Every clinician has encountered this moment. A patient leans forward and says, “But doctor, I was fine yesterday.” The statement carries confusion, frustration, and sometimes quiet alarm. It also reveals an assumption deeply embedded in both medical culture and human cognition, that stability should look like consistency.
In clinical medicine, predictability is often mistaken for stability. We feel reassured when symptoms follow familiar patterns. Patients feel encouraged when treatments produce repeatable responses. Variability, by contrast, generates unease for everyone involved. Yet predictability and stability are fundamentally different properties. Predictability concerns whether outcomes can be anticipated. Stability concerns whether a system can tolerate variation without losing coherence.
Medicine, like much of human perception, quietly equates consistency with security. When expectations are repeatedly met, we infer stability. When patterns shift, discomfort often exceeds the magnitude of the change. But this is a cognitive error. Stable biological systems fluctuate constantly. Blood pressure varies. Energy levels shift. Symptoms wax and wane. In health, variability is not abnormal.
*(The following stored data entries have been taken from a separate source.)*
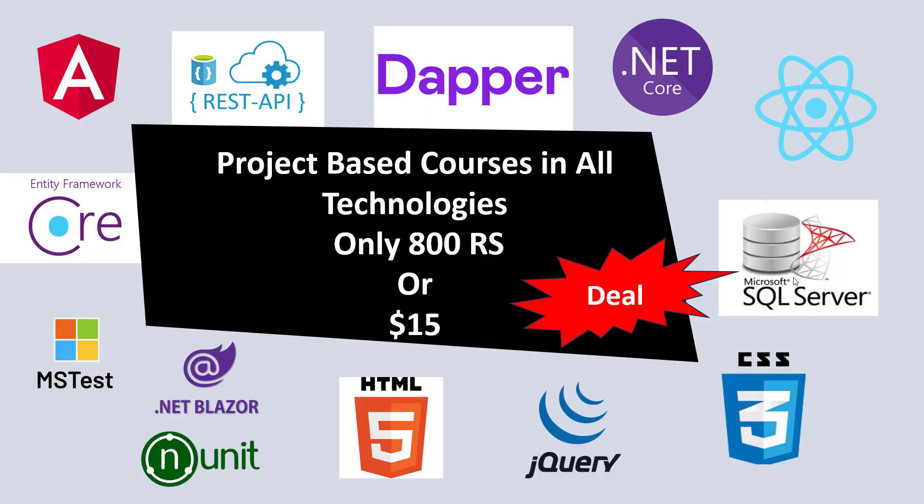Hey everyone, welcome to my channel ASP.NET Core. Today I'm going to show you a full web development course in all technologies, and I will provide you basic to advanced video tutorials.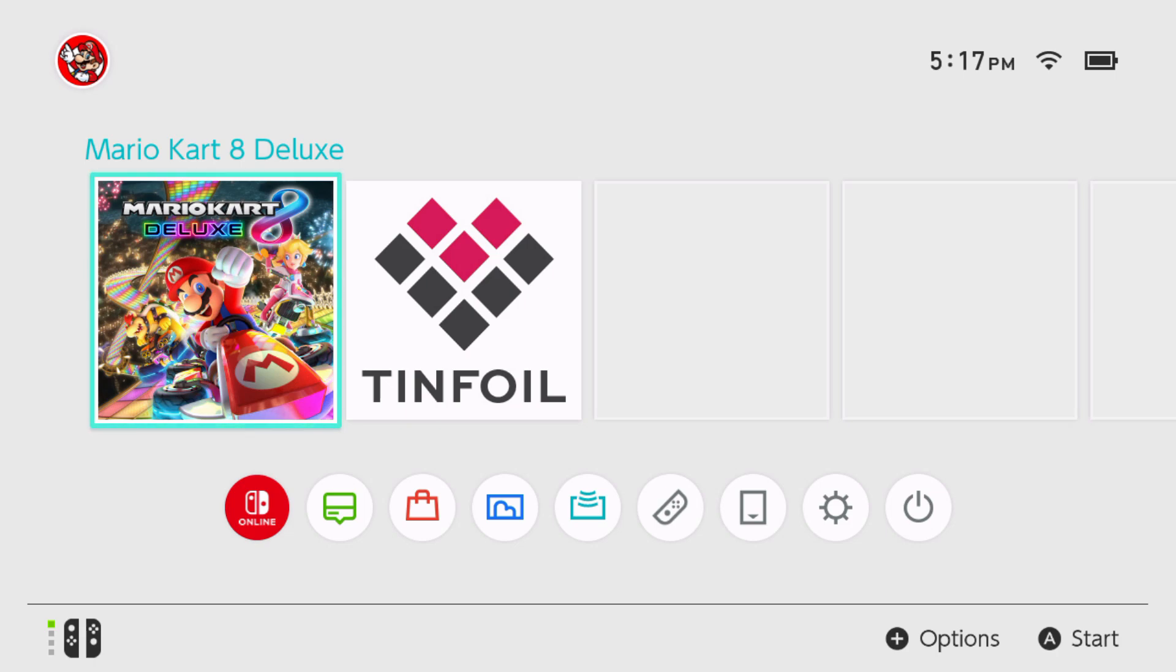Hello, Snack here, back again with another video. This video was requested and shows how to get your emuMMC setup.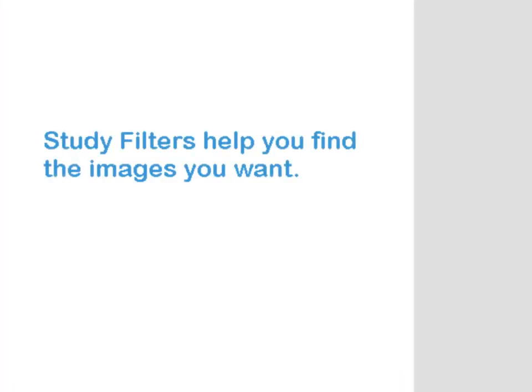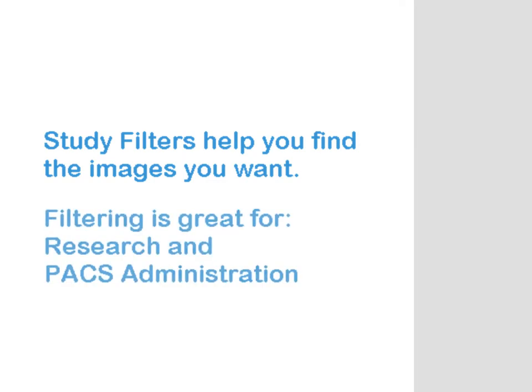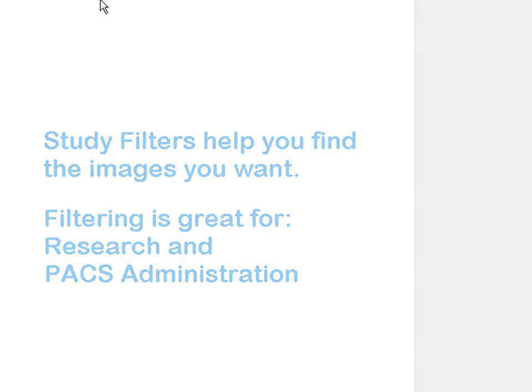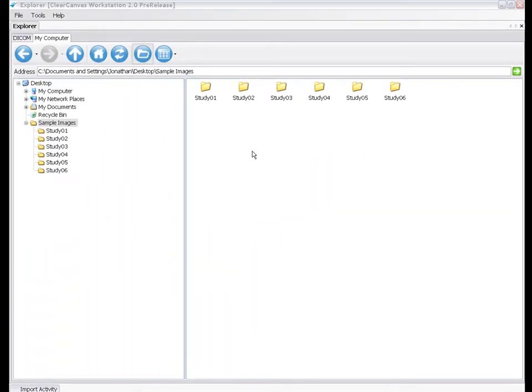Using Study Filters is an easy way to find just the images you want in a study, like in research scenarios where you want a subset of images from a study, or as a PACS Admin when you want to quickly track down problematic images.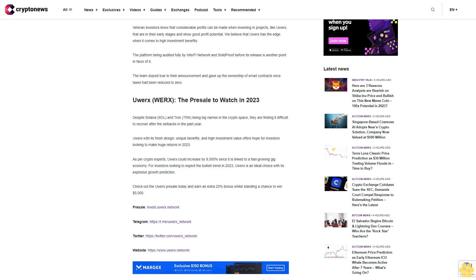For investors looking to exploit the bullish trend in 2023, uWorks is an ideal choice with its explosive growth prediction. Check out the uWorks presale today and earn an extra 25 percent bonus while standing a chance to win $5,000.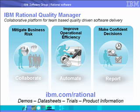For further information, please visit our website at ibm.com/rational for additional product demonstrations, data sheets, and trial software.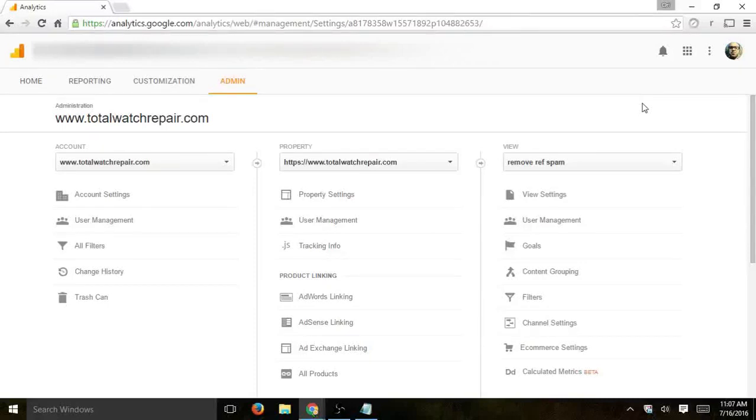Hey, everybody. This is Ori from Circuit, and I'm going to show you how to set up Google Analytics funnels and goals for your checkout process.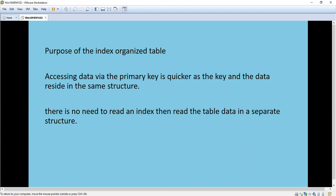What is the purpose of this Index Organized Table? It is very quick - we can access the data via the primary key faster, as the key and data reside in the same structure. Normally when we write any query, it goes to the index block and then comes back to the table block. That unnecessary read access is avoided here - everything resides in the same place, so there is no need to read the index and then read the table data in a separate structure. It is much quicker.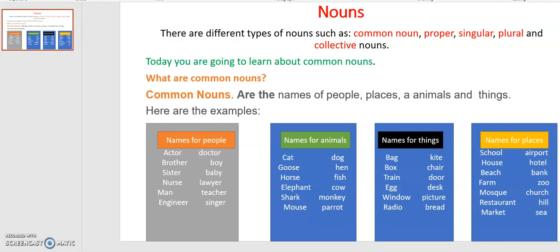Good morning everyone, I hope everyone is well and managed to study. Today you are going to learn a new lesson about nouns. There are different types of nouns such as common nouns, proper nouns, singular nouns, plural nouns, and collective nouns.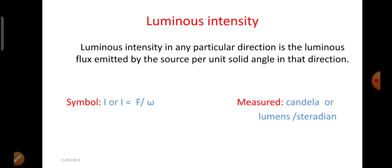One lumen is equal to 0.0016 watt approximately. Luminous intensity. Luminous intensity in any particular direction is the luminous flux emitted by the source per unit solid angle in that direction. The symbol used to represent luminous intensity is I, and it can be calculated using the formula F by omega. It is measured in candela or lumens per steradian.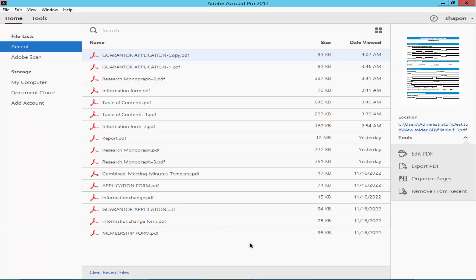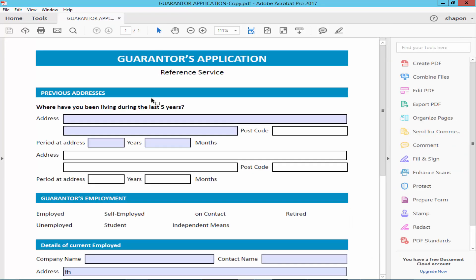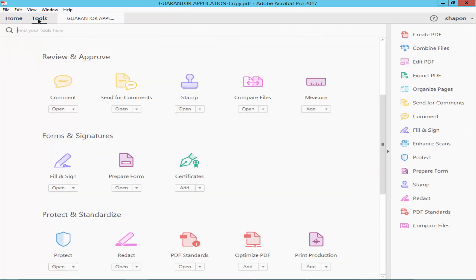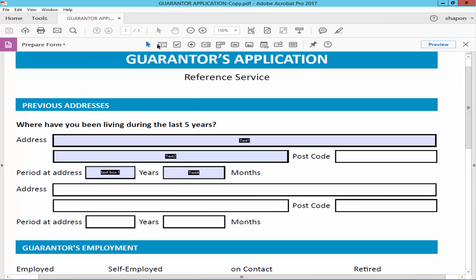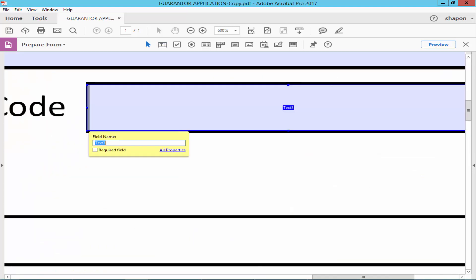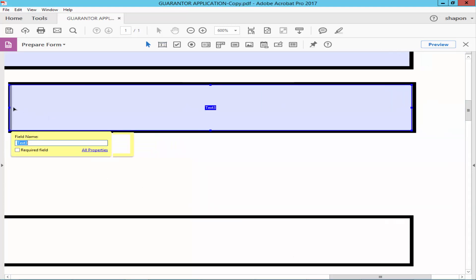Assalamu alaikum. In this video I will show you how to create an expanding form field in PDF using Adobe Acrobat Pro. Let's get started. Open a fillable PDF, go to Edit This Form, then go to the Tools menu and select Prepare Form. Draw a text field — go to the toolbar and click Add Text Field, draw the field, then expand the field left, right, top, and bottom.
It is intrinsic.
The erosion of expectation
The difficulty arises when predictability erodes in ways that challenge previously reliable assumptions. Chronic illness makes this especially visible. A patient with multiple sclerosis describes a familiar pattern: several relatively good weeks followed by difficult days. Nothing new clinically. No relapse. No measurable disease progression. Yet the distress is real, because variability now violates expectation more than physiology.
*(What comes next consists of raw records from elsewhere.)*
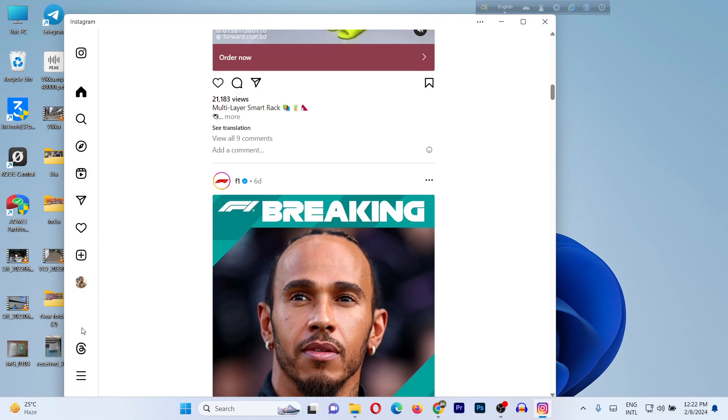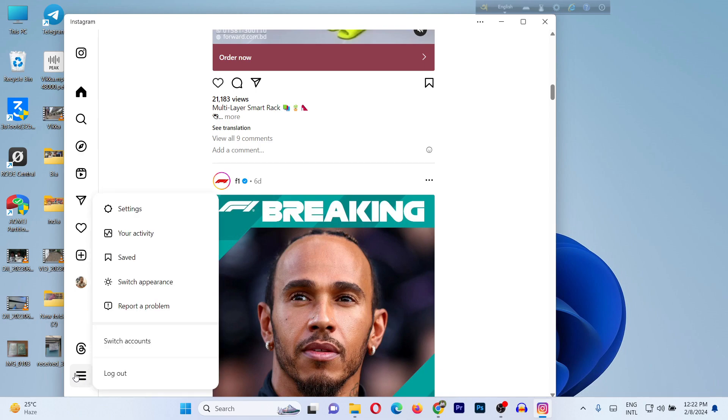At the bottom there's a 3-line menu. Just click on the 3-line menu and here is a pop-up with more setting options. You can switch accounts here or directly log out from here.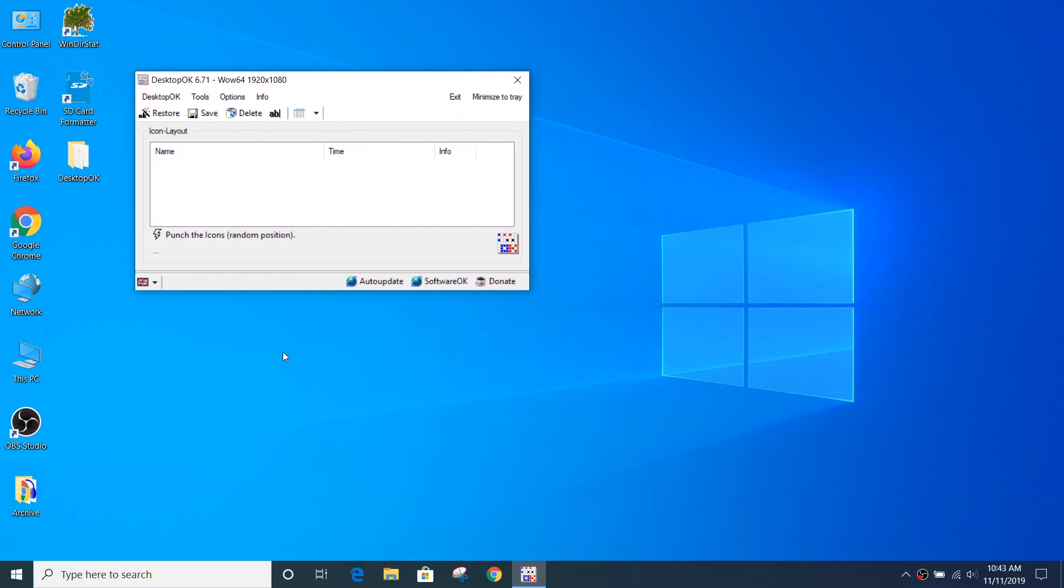Now, what is this and what does it do? DesktopOK allows you to record the location of the icons on your Windows desktop. And if that arrangement changes, either by mistake or some other factor caused things to change when you didn't want them to, it allows you to restore the locations to what you had previously.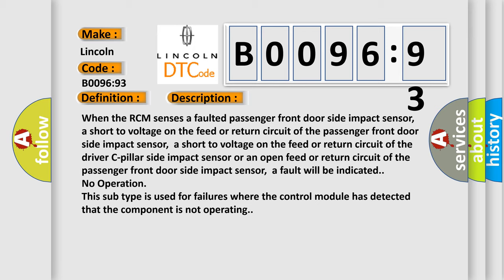A short to voltage on the feed or return circuit of the driver C-pillar side impact sensor, or an open feed or return circuit of the passenger front door side impact sensor.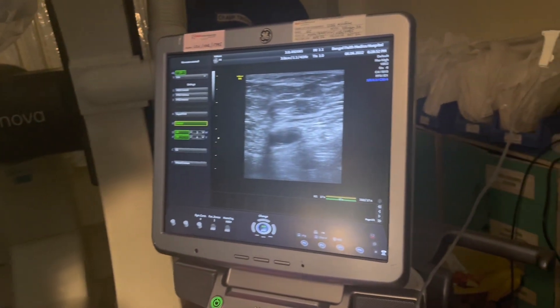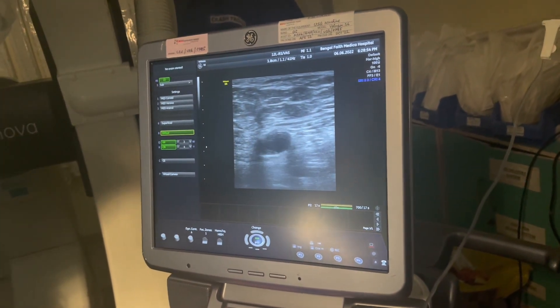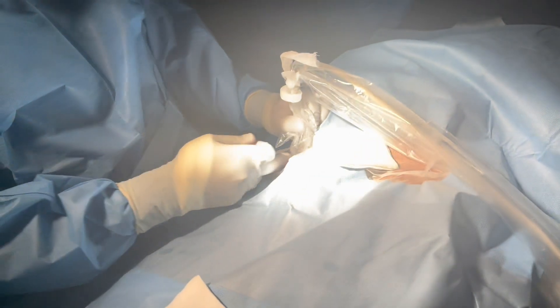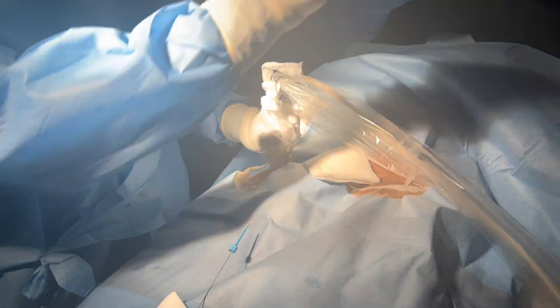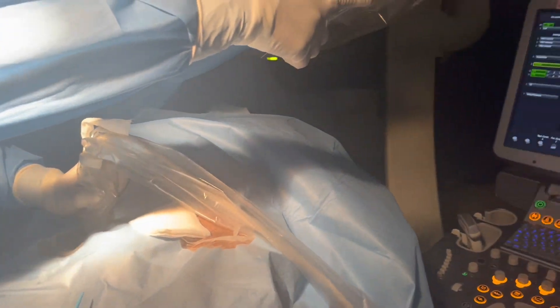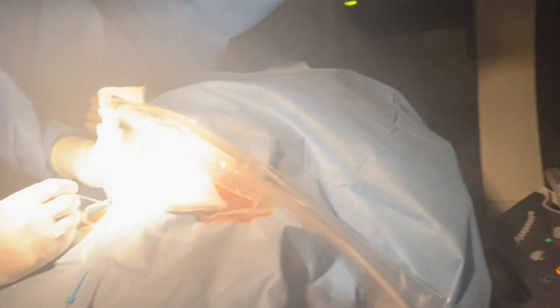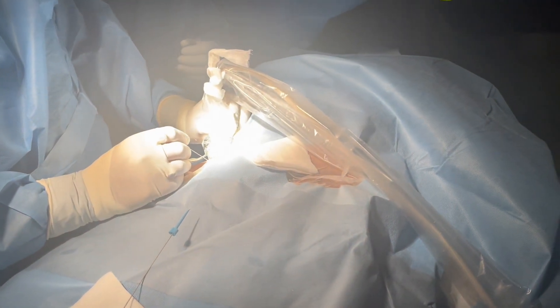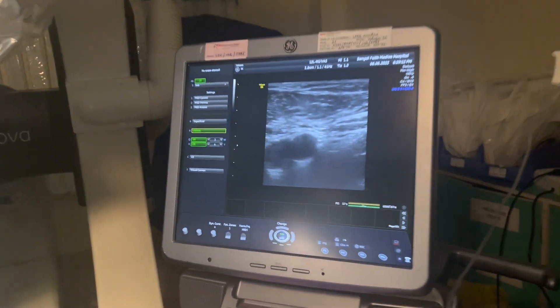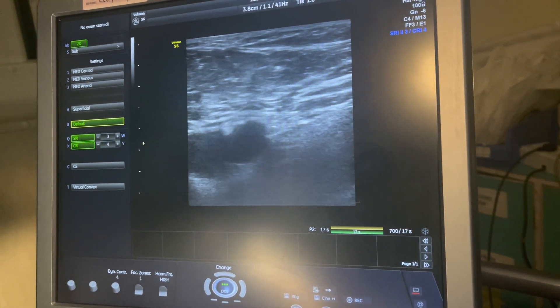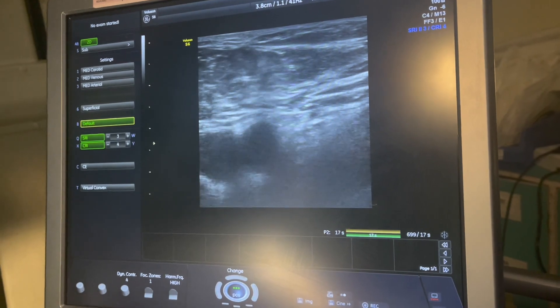Now you see the artery is pulsating. It has to be in the middle of the view — it has to be in the middle. Now you see it is coming. You can appreciate it well. It is going in the entire segment. Now it will puncture it. See here — see how the blood is coming.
Fatigue is no longer just fatigue. A missed activity is no longer just inconvenience. A canceled plan is no longer just scheduling noise. Variation becomes signal.
Patients search for explanations. Clinicians search for causes. Both attempt to interpret fluctuations using frameworks built around predictability. This is where the confusion becomes consequential. When stability is defined by predictability, variability feels like failure. But when stability is understood as adaptability, variability becomes expected.
The illusion of control
Human systems, including bodies, identities, and functional capacities, are inherently dynamic. They compensate, recalibrate, and reorganize. Chronic illness rarely invents instability. Biology was never stable in the mechanical sense. What chronic disease does is remove the illusion of predictability we unconsciously relied upon. Symptoms fluctuate. Capacity shifts. Responses vary. Chronic conditions do not introduce variability so much as they amplify our awareness of it.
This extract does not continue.